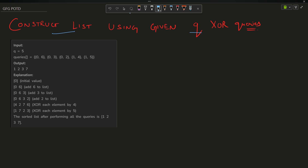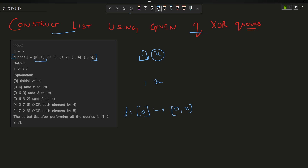The question says that you have been given a list of queries. Each query is a combination of two integers — the first integer can be 0 or 1, and the next integer is X. If the first integer is 0, you have to add X to the existing list, which is initialized with 0. If it is 1, you have to take the XOR of X with all elements of the list.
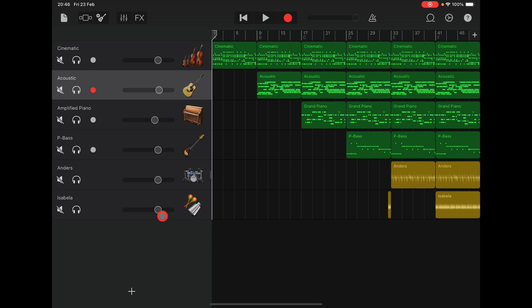Hello everybody, welcome to the Sound Test Room. Today we are going to take a look at how to export a project from GarageBand into Logic Pro for iPad. It's really easy, but why would you want to do this? Well, we've had GarageBand for ages and ages, and many of you may have tons of projects in GarageBand that you now want to move over to Logic, because you can do a lot more stuff in Logic.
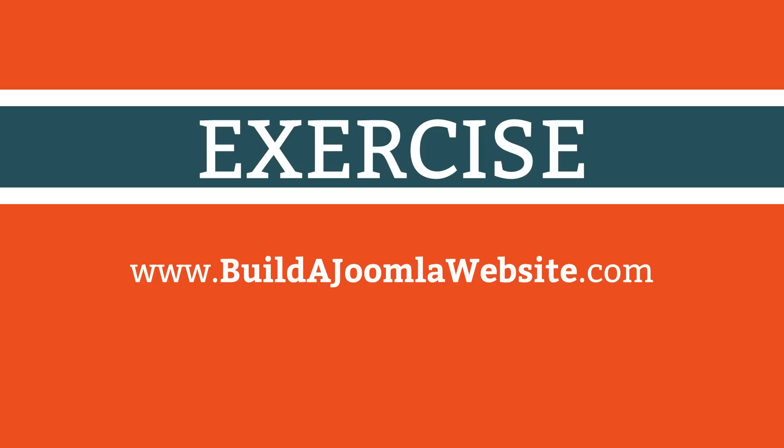And that's all there is to installing and configuring a template. Your exercise for this lesson is to go through our list of recommended Joomla template developers listed on the Resources page at www.buildajoomlawebsite.com. In the next lesson, you will learn how to get the most out of Joomla by using extensions.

* _Requirement_:
Repeat the lines above, starting at the first and stopping after the line that holds "Hello everybody, welcome", with the pictures left out.

* _Task response_:
The question says that you have been given a list of queries. Each query is a combination of two integers — the first integer can be 0 or 1, and the next integer is X. If the first integer is 0, you have to add X to the existing list, which is initialized with 0. If it is 1, you have to take the XOR of X with all elements of the list.
Hello everybody, welcome to the Sound Test Room. Today we are going to take a look at how to export a project from GarageBand into Logic Pro for iPad. It's really easy, but why would you want to do this? Well, we've had GarageBand for ages and ages, and many of you may have tons of projects in GarageBand that you now want to move over to Logic, because you can do a lot more stuff in Logic.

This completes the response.